Data Start Marker
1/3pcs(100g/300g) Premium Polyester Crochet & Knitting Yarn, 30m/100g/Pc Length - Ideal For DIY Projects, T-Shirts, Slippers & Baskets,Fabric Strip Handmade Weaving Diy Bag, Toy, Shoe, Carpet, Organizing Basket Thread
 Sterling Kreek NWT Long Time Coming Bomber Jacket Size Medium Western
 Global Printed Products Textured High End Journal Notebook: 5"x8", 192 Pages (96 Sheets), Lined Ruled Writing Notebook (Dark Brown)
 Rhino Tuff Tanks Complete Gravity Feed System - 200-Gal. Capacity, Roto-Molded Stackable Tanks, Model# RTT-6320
Data End Marker
- **Task goal**
Return the data from the top line through the bottom line exactly.

- **Solution to the problem**
1/3pcs(100g/300g) Premium Polyester Crochet & Knitting Yarn, 30m/100g/Pc Length - Ideal For DIY Projects, T-Shirts, Slippers & Baskets,Fabric Strip Handmade Weaving Diy Bag, Toy, Shoe, Carpet, Organizing Basket Thread
 Sterling Kreek NWT Long Time Coming Bomber Jacket Size Medium Western
 Global Printed Products Textured High End Journal Notebook: 5"x8", 192 Pages (96 Sheets), Lined Ruled Writing Notebook (Dark Brown)
 Rhino Tuff Tanks Complete Gravity Feed System - 200-Gal. Capacity, Roto-Molded Stackable Tanks, Model# RTT-6320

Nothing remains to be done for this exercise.